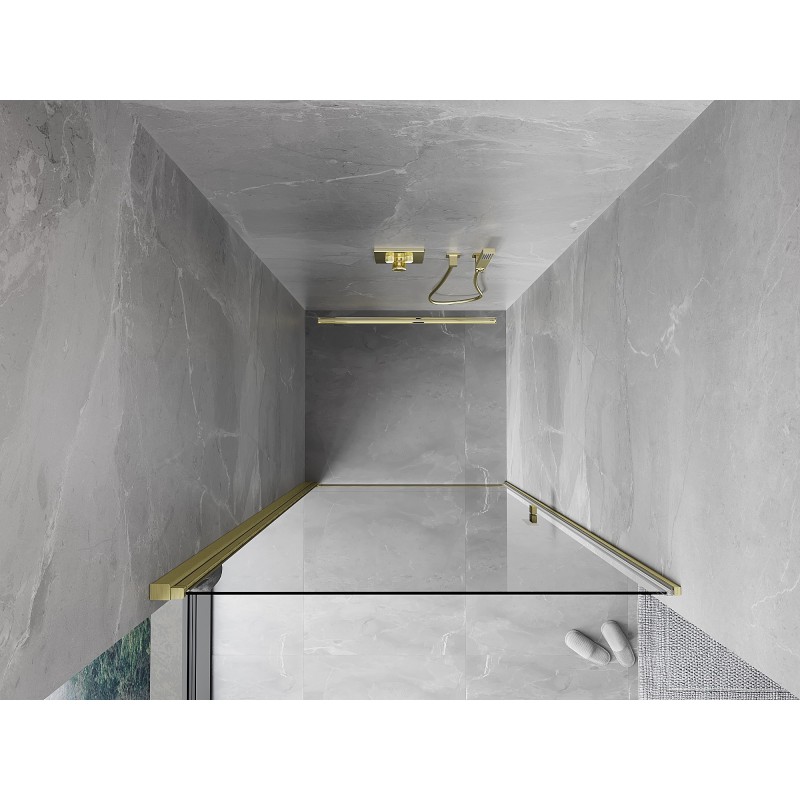 Mexen Mist-B 80 cm hinged shower door, transparent, brushed gold - 8A2-080-000-55-00
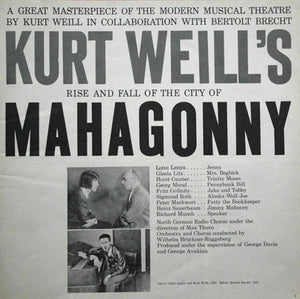 Kurt Weill In Collaboration With  Bertolt Brecht , Starring Lotte Lenya With Gisela Litz, Sigmund Roth, Horst Günter, Peter Markwort, Georg Mund, Heinz Sauerbaum, Fritz Göllnitz, Richard Münch, NDR Chor Under The Direction Of Max Thurn . Orchestra And Cho : Rise And Fall Of The City Of Mahagonny (3xLP, Mono + Box)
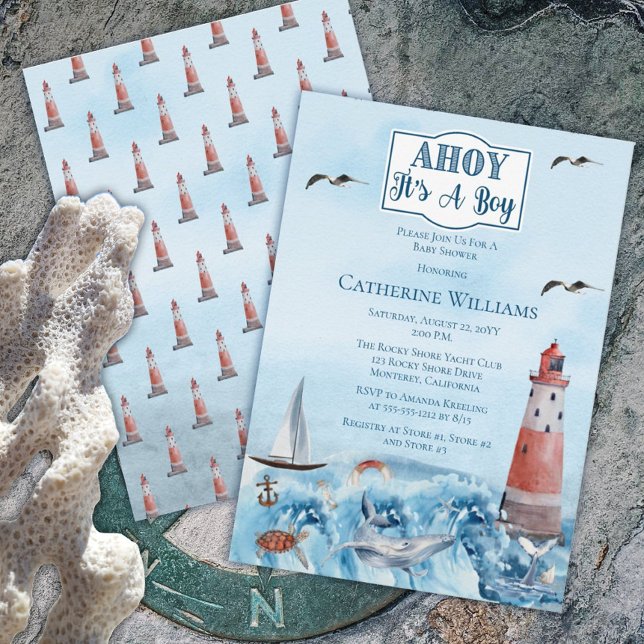 Ahoy Es ist ein Boy Lighthouse Ocean Baby Shower Einladung (Von Creator hochgeladen)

== Instructions for the task ==
Everything above except the pictures must be restated exactly.

== Written response ==
 Mexen Mist-B 80 cm hinged shower door, transparent, brushed gold - 8A2-080-000-55-00
 Kurt Weill In Collaboration With  Bertolt Brecht , Starring Lotte Lenya With Gisela Litz, Sigmund Roth, Horst Günter, Peter Markwort, Georg Mund, Heinz Sauerbaum, Fritz Göllnitz, Richard Münch, NDR Chor Under The Direction Of Max Thurn . Orchestra And Cho : Rise And Fall Of The City Of Mahagonny (3xLP, Mono + Box)
 Ahoy Es ist ein Boy Lighthouse Ocean Baby Shower Einladung (Von Creator hochgeladen)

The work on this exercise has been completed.